Yes, I know it says “Oryx” in the title of the video.
Gemsbok are species of oryx. There are four species in the genus Oryx, and the Gemsbok is Oryx gazella.
Now, what are they doing in New Mexico?
Well, just like feral horses, feral burros and ring-necked pheasants, these were introduced.
In 1969, the New Mexico Department of Fish and Game introduced them to the White Sands Missile Range.
There are now about 3,000 of them in the Tularosa Basin.
They have very few predators. Cougars don’t seem to be very effective gemsbok predators, and coyotes take only the very young.
They are hunted to control their numbers, but it’s likely that they are here to stay.
And this is in North America, a place with no native antelope or gazelles.
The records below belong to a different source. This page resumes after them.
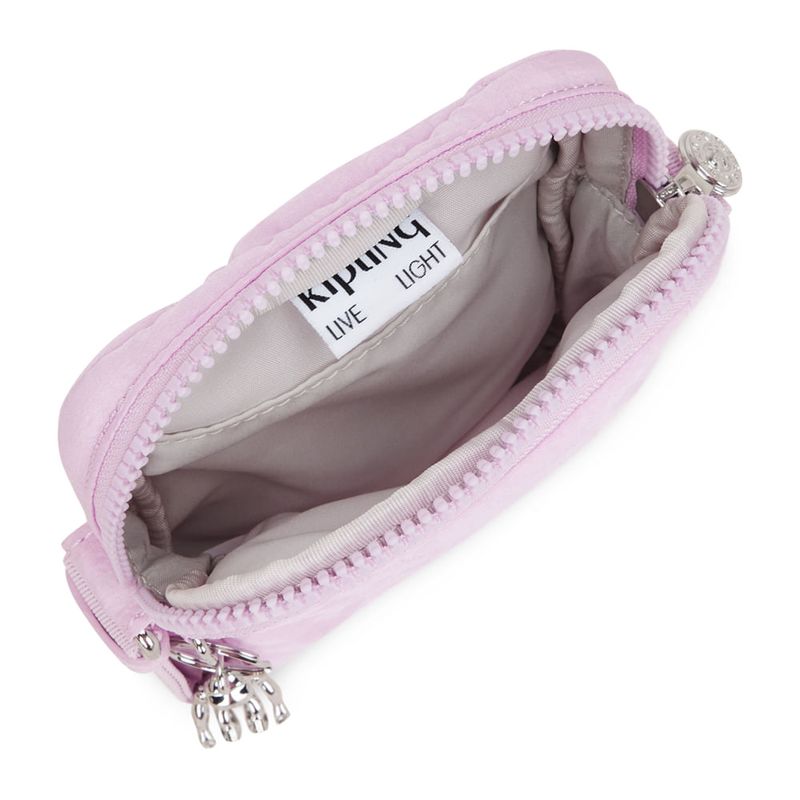 image-3d09d658d3214cb68becbce060d22de1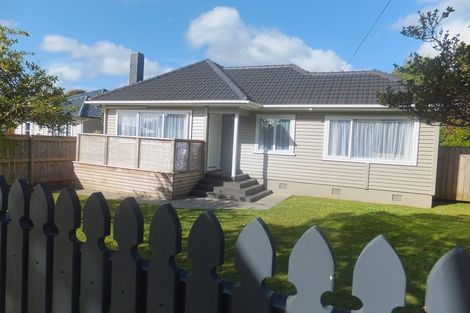 Photo of property in 99a Helvetia Road, Pukekohe, 2120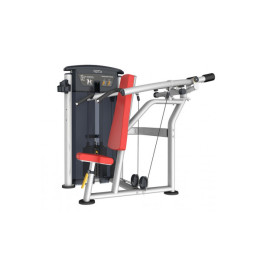 Жим от плеч Aerofit IT9512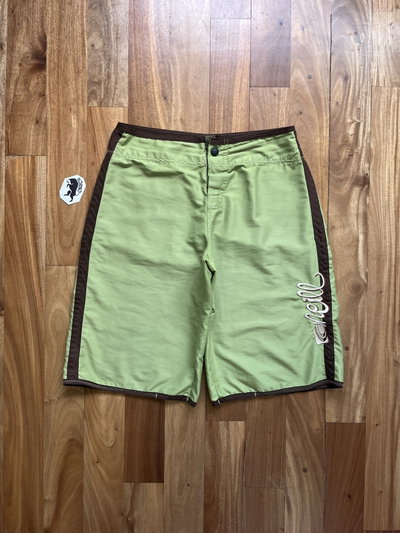 Boardshort O’Neill T.40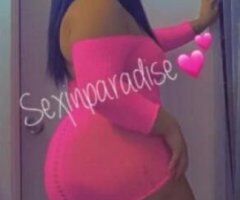 🎥💖gσσd gιяℓ🥵• ωιтh • ηαυghту😈HABITS💦👠 - Image 8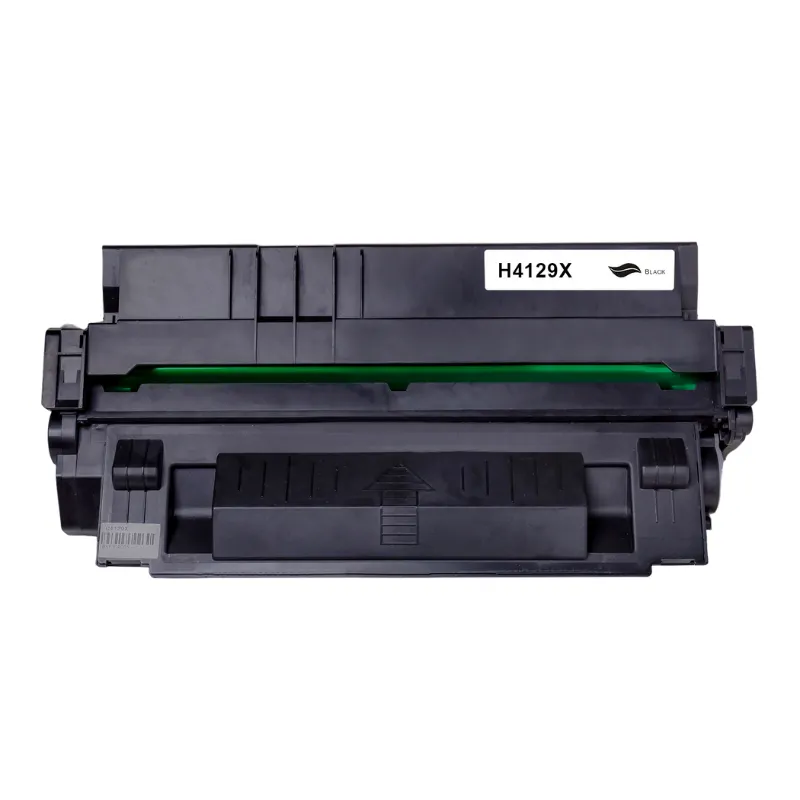 Toner Zamjenski (HP) C4129X / 29X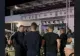 Noi IMAGINI de la petrecerea în care tinerii liberali au înjurat PSD-ul: „Să le … mamele!” - VIDEO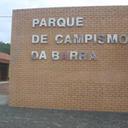 26132892 sq128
In the East, we’ve spent a very long time making everything look like Europe. In the West, are we trying to make everything look like Africa or Central Asia?
I’d much rather have a lot of pronghorn on that range than gemsbok.
Gemsbok means chamois in Dutch. In Afrikaans, it refers to this species of oryx.
Lots of African antelope are named in this fashion. The eland is named for the Dutch word the elk or moose (Alces, not Cervus). The steenbok is named for the Alpine ibex and the Spanish ibex. The term “bok” (cognate with the English word “buck”) usually refers to a goat, but the term has been expanded to include antelope.